I primi embrioni umani modificati geneticamente sono cinesi e confermano l’allarme dato nei mesi scorsi da scienziati di tutto il mondo, che in tre appelli successivi avevano chiesto una moratoria su questo tipo di esperimenti, sapendo che stavano per essere resi pubblici i primi risultati. Moratoria rilanciata con forza all’indomani della pubblicazione dell’articolo che descrive gli esiti dell’esperimento, su una rivista poco nota,
Protein&Cell: esiti pericolosamente fallimentari, come previsto dagli addetti ai lavori. I fatti sono noti: sono stati scelti 86 embrioni umani portatori di una malattia ereditaria, la beta talassemia, e tutti con una anomalia – ovociti fecondati da due spermatozoi anziché da uno – che ne avrebbe bloccato lo sviluppo. La loro breve esistenza è stata sufficiente a sottoporli a una particolare manipolazione, il
gene-editing, la "chirurgia genetica" che avrebbe dovuto sostituire il gene portatore della malattia con uno sano. 71 embrioni sono cresciuti fino ad avere otto cellule, ne sono stati testati 54, di cui 28 replicati senza il gene malato, e solo alcuni con il Dna correttamente modificato. Alla bassissima efficacia si aggiunge un numero molto elevato di mutazioni genetiche non volute, che riguardano altre parti del Dna degli embrioni: si tratta di mutazioni dagli effetti sconosciuti, numericamente molto più numerose di quelle riscontrate in esperimenti analoghi di embrioni di topo e di cellule umane adulte.
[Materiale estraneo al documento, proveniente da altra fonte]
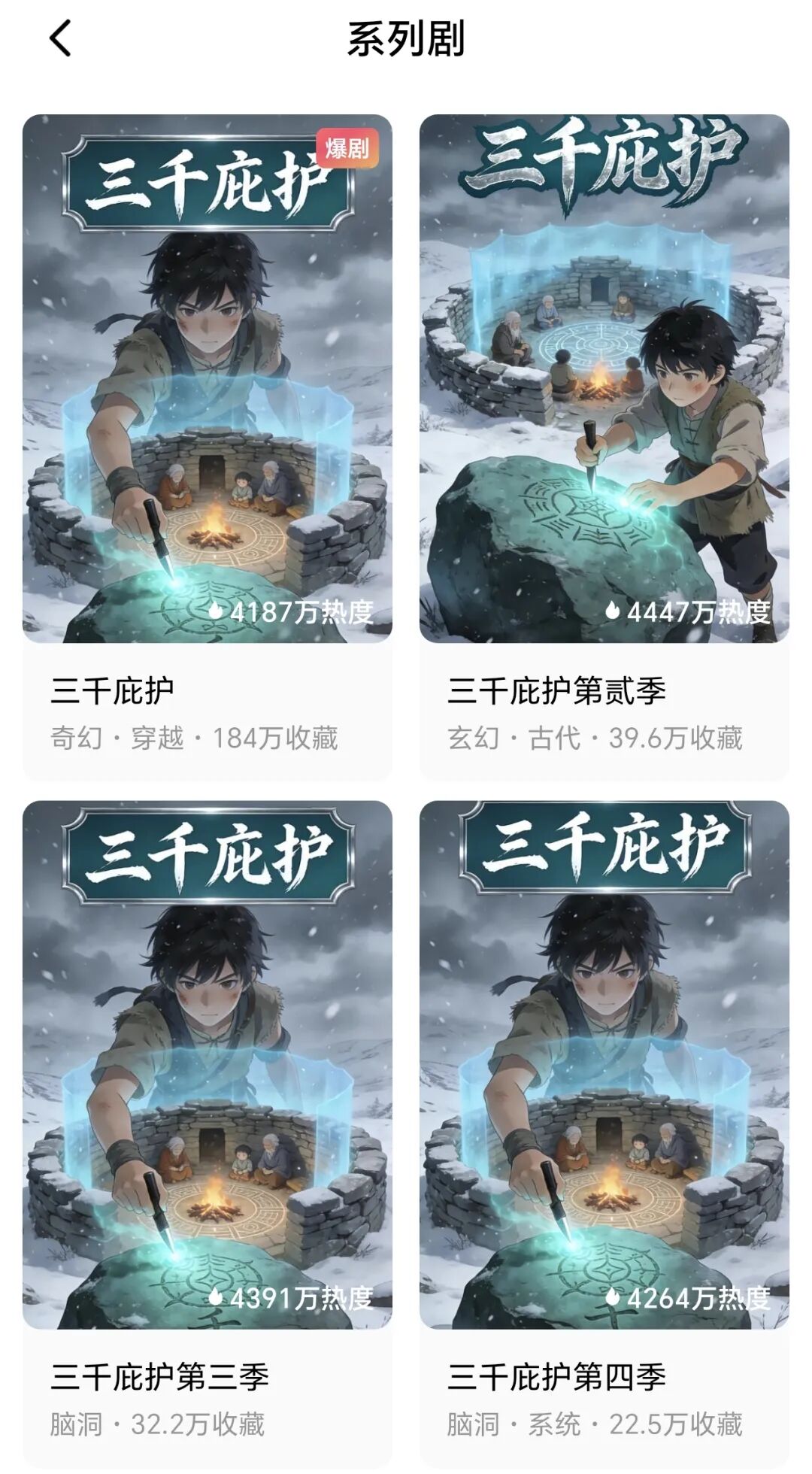 69shuba.ac短剧资讯网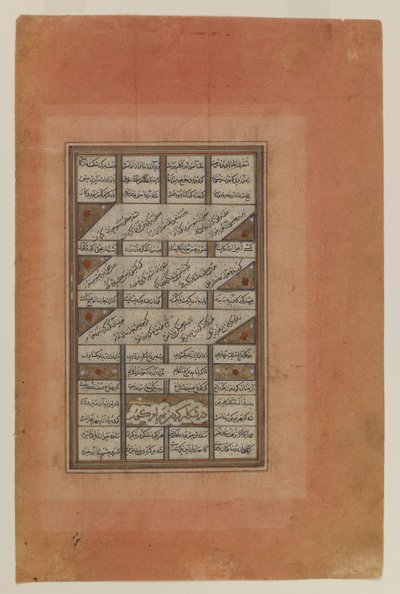 Fólió a Nizami Khamsa kéziratából (wc, tinta és arany papíron) alkotó: Iranian School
Tutte le peggiori previsioni si sono insomma avverate, come d’altra parte era logico aspettarsi, considerando le conoscenze a riguardo: l’allarme dei mesi scorsi era stato lanciato proprio perché queste procedure possono produrre effetti imprevisti e imprevedibili, generando embrioni umani – e quindi possibili nuovi nati – geneticamente modificati in modo incontrollato, potenzialmente capaci di riprodursi diffondendo il loro Dna. Se fosse un film di fantascienza, sarebbe di quelli con un pessimo copione di genere apocalittico. Invece, è già parte della categoria del possibile. Il genetista Bruno Dallapiccola l’ha giustamente definito un esperimento criminale. Le riviste
Nature e
Science non hanno accettato l’articolo, per motivazioni etiche.
Protein&Cell, che l’ha pubblicato, è liberamente consultabile in rete, e si possono osservare due dettagli significativi: il primo è che, a quanto si legge, l’articolo è stato accettato in un solo giorno dopo essere stato ricevuto, con una fretta, quindi, a dir poco "inusuale" in ambito scientifico, dove il controllo dei revisori, se rigoroso, richiede tempi ben più lunghi. La velocità fulminea della pubblicazione fa pensare piuttosto a una corsa allo "scoop", un fatto che di scientifico ha ben poco. Il secondo sta nella dichiarazione finale dove, fra il surreale e il grottesco, si dichiara che lo studio è stato approvato dal comitato etico della clinica che ha fornito gli embrioni, donati da pazienti con regolare consenso informato, ed è addirittura «conforme agli standard etici della Dichiarazione di Helsinki», oltre che a quelli nazionali. Il che la dice lunga sul carattere solo formale di certi attestati di eticità. L’autore principale ha dichiarato di aver fermato la ricerca perché ancora "immatura" – bontà sua –, visti gli scarsi risultati. Ma siti ben informati riportano la notizia di altri ricercatori impegnati negli stessi esperimenti: sarebbero quattro i gruppi in Cina e uno negli Stati Uniti, e in almeno un caso si tratterebbe di embrioni portatori di specifiche patologie genetiche ma non "bloccati", cioè che hanno la possibilità di diventare bambini. Non si tratta qui di una discussione riguardo i diversi orientamenti etici sull’embrione umano. È in gioco l’affidabilità dell’intera comunità scientifica, che deve prendere ancor più esplicitamente le distanze da iniziative irresponsabili da apprendista stregone, che con il rigore scientifico hanno ben poco a che fare.